The systolic BP, diastolic BP, and mean arterial BP were measured using a noninvasive tail-cuff CODA system (Kent Scientific Corp., Torrington, CT, USA), as previously described [20–22]. The mouse sublimation was conducted for 10 min for three days, and BP was measured on the last day.

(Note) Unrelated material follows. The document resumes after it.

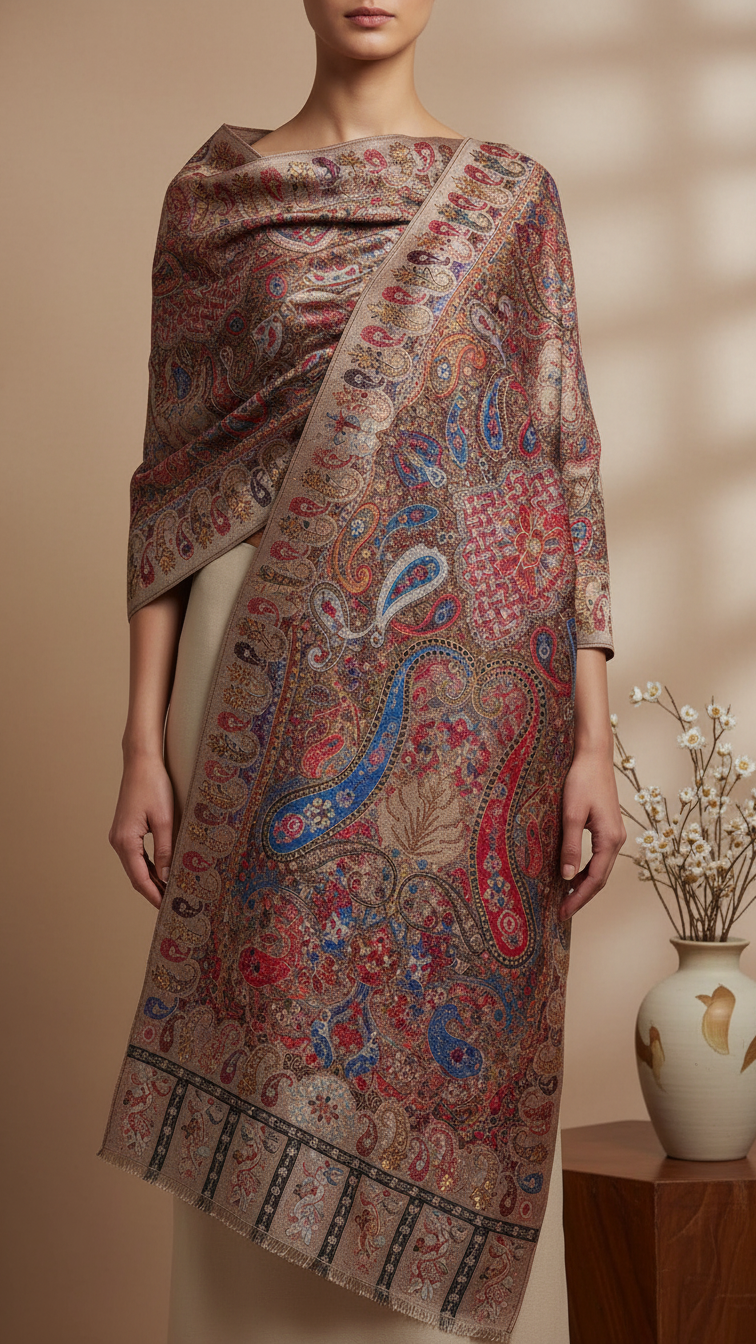 Beige Winter Stole PW5769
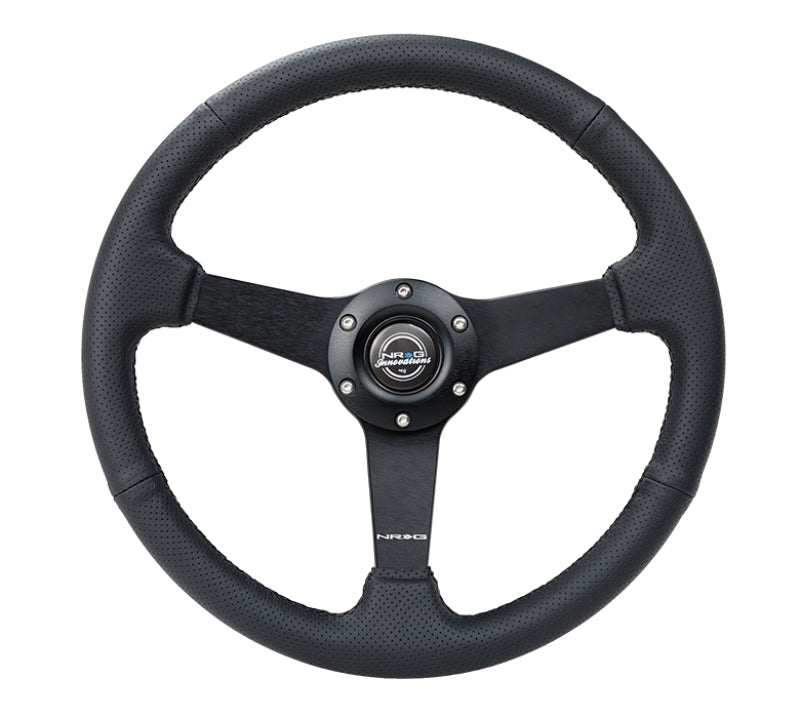 NRG Sport Steering Wheel (350mm / 1.5in Deep) Black Leather Black Stitch w/Matte Black Solid Spokes - awdtuningtx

2.9. Protein Extract and Western Blotting
For protein isolation from SVEC4–10, the cells were scraped with RIPA lysis buffer containing proteinase and phosphatase inhibitor (EzRIPA; ATTO; Tokyo, Japan) and incubated for 15 min on an ice container. After centrifuging at 14,000 × g for 15 min, at 4°C, supernatants were collected in a new tube and protein concentrations were analyzed using a bicinchoninic acid assay kit (BCA kit; Thermo Fisher Scientific, Inc.; Waltham, MA, USA). To validate protein expression, western blotting was conducted. Equal amounts of lysate proteins were separated by 8 or 10% sodium dodecyl sulfate polyacrylamide gel electrophoresis. Then, proteins were transferred to polyvinylidene fluoride membranes, which were incubated with appropriate diluted primary antibodies (Table S2) at 4°C. The incubated membranes were washed with tris buffered saline (TBS) containing 0.1% Tween 20 three times and incubated with secondary antibodies for 3 h at room temperature. Membranes were developed by enhanced chemiluminescence using LAS-4000s (GE Healthcare; Chicago, IL, USA).
2.10. Angiogenesis Assay
2.10.1. Transwell Migration Assay
The SVEC4–10 cells (104 cells/well) were seeded into the upper chamber of a 24-well transwell plate (SPL Life Sciences, Korea) for 12 h, and then, growth medium was changed to starvation medium for 24 h. In the bottom chamber, new starvation medium with PBS (PBS group) or oxLDL (5 μg/mL) plus PBS (oxLDL/PBS group), oxLDL plus ECE (oxLDL/ECE; 50 μg/mL), or oxLDL plus PPB (oxLDL/PPB; 1.8 μg/mL) was placed for 30 h. Migratory cells pass through an 8 μm pore size membrane on the bottom side. Nonmigratory cells in the upper chamber were removed using a cotton swab, and migratory cells were stained with hematoxylin for 3 min and quantified.
2.10.2. Wound Migration Assay
The SVEC4–10 cells (104 cells/well) were seeded into a 24-well culture multiplate and cultured to confluence for 48 h and then FBS starved for 36 h using growth medium without FBS (starvation medium). One perpendicular scratch was made in each well using a 5 mL pipette tip, and the starvation medium was changed to a new starvation medium with PBS (PBS group) or oxLDL (5 μg/mL) plus PBS (oxLDL/PBS group), oxLDL plus ECE (oxLDL/ECE; 50 μg/mL), or oxLDL plus PPB (oxLDL/PPB; 1.8 μg/mL) for 24 h. Images were taken 30 h later using an Axio Observer apparatus and analyzed using ImageJ software.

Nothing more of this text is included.